Oggetto: Associazione in partecipazione - nullità del contratto.

Con sentenza 645/2000, che appresso si trascrive, il Tribunale di Macerata Giudice lavoro ha ribadito l'orientamento già espresso dal Pretore di Macerata con sentenza 18.11.1994 ed, in accoglimento della prospettazione della difesa dell'Istituto, ha dichiarato nulli, sia con riferimento all'art. 1346 sia all'art. 2549 c.c., i contratti di associazione in partecipazione per indeterminatezza (e indeterminabilità) dell'apporto per poi qualificare il rapporto come rapporto di lavoro subordinato, sussistendone le condizioni, e così confermare la pretesa contributiva dell'Istituto.

Si segnala la sentenza perché essa sul filone della precedente appare di evidente utilità nella ordinaria trattazione dei giudizi attinenti la fattispecie e certamente un riferimento nell'attività di vigilanza.

E' infatti fin troppo evidente - perché constatabile nella pratica - che la mancata predeterminazione dello apporto, in sé e per sé fissata come elemento essenziale del contratto tipico nominato (apporto rispetto al quale si struttura la natura aleatoria di esso), assume rilievo essenziale ai fini degli intenti evasivi.

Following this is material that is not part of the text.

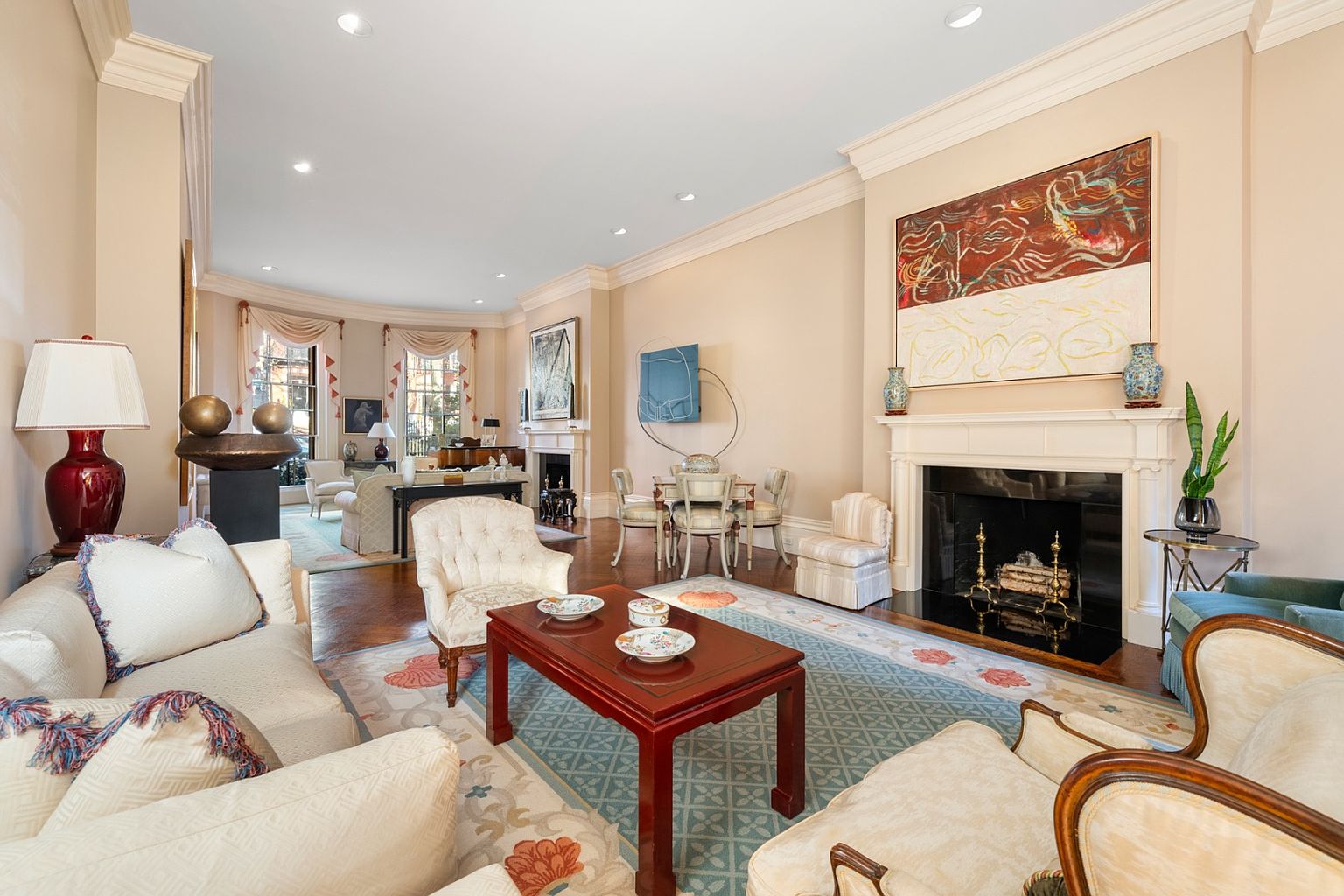 This is a spacious and elegant living room featuring a mix of classic and artistic elements. The room is furnished with plush sofas, armchairs, and a dark wood coffee table, all arranged on a patterned rug. A fireplace with a large painting above it serves as a focal point, complemented by decorative vases and a plant, creating a sophisticated and inviting atmosphere.
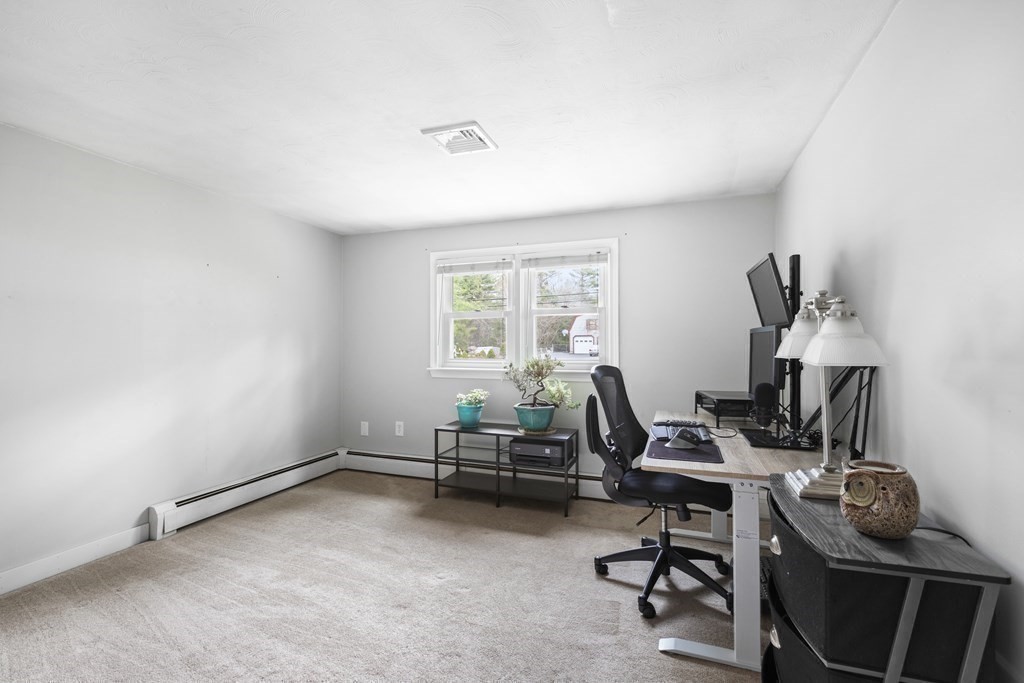 89 Richmond Road Freetown, MA 02702 - Photo 8 of 31 a view of a workspace with furniture and a window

Partitamente, in presenza di altri indizi univoci, potrebbe persino configurarsi con la sottoscrizione in capo al lavoratore una condotta concorrente con quella dell'associante nell'illecito (amministrativo o reato).

 

Sentenza del Tribunale di Macerata n° 645 del 2000

REPUBBLICA ITALIANA

IN NOME DEL POPOLO ITALIANO

Il Giudice del lavoro presso il Tribunale di Macerata nella persona della D.ssa Adriana De Tommaso, ha pronunciato la seguente

SENTENZA

nella causa civile in materia di assistenza e previdenza obbligatoria, iscritta al n. 5422/95 r.g.c. promossa con ricorso depositato il 30/10/95 e vertente

TRA

Fabbroni Alberto rappr. edif. dall'Avv. A. Squadroni e dall'Avv. M. Vallasciani per delega a margine del ricorso, elett. dom. in Civitanova Marche, Via Sabotino, 30;

opponente

CONTRO

Istituto Nazionale della Previdenza Sociale, INPS, in persona del legale rappr. p.t. rappr. e dif. dall'Avv. I. Pierdominici, giusta procura generale alle liti per Notar Lupo di Roma del 7/10/93, elett. dom. in Macerata, Via Dante, 8;

opposto

avente ad oggetto: opposizione ad ordinanza-ingiunzione

Conclusioni: come da atti introduttivi

SVOLGIMENTO DEL PROCESSO

Con ricorso depositato il 30/10/1995 Alberto Fabbroni proponeva opposizione avverso l'ordinanza ingiunzione n. 1955/1995 notificatagli dall'INPS il 30/9/95, contenente l'ordine di pagare la somma di L. 3.380.900 a titolo di sanzione per illeciti amministrativi connessi all'omesso versamento di contributi per i dipendenti Cappelli Fabrizio e Zappacenere Daniela nel periodo 13/11/91-6/10/93.

Deduceva l'opponente a sostegno dell'opposizione che, nella delegazione ACI di cui era responsabile, non aveva dipendenti, ma solo associati in partecipazione, come da regolari contratti registrati ed onorati, stipulati entrambi il 7/11/93. Il Fabbroni produceva quindi le dichiarazioni dei redditi degli associati, a dimostrazione che aveva sempre operato nel rispetto delle norme fiscali, e le dichiarazioni-quietanza degli associati, che ottennero il 25% ciascuno dei redditi dell'azienda.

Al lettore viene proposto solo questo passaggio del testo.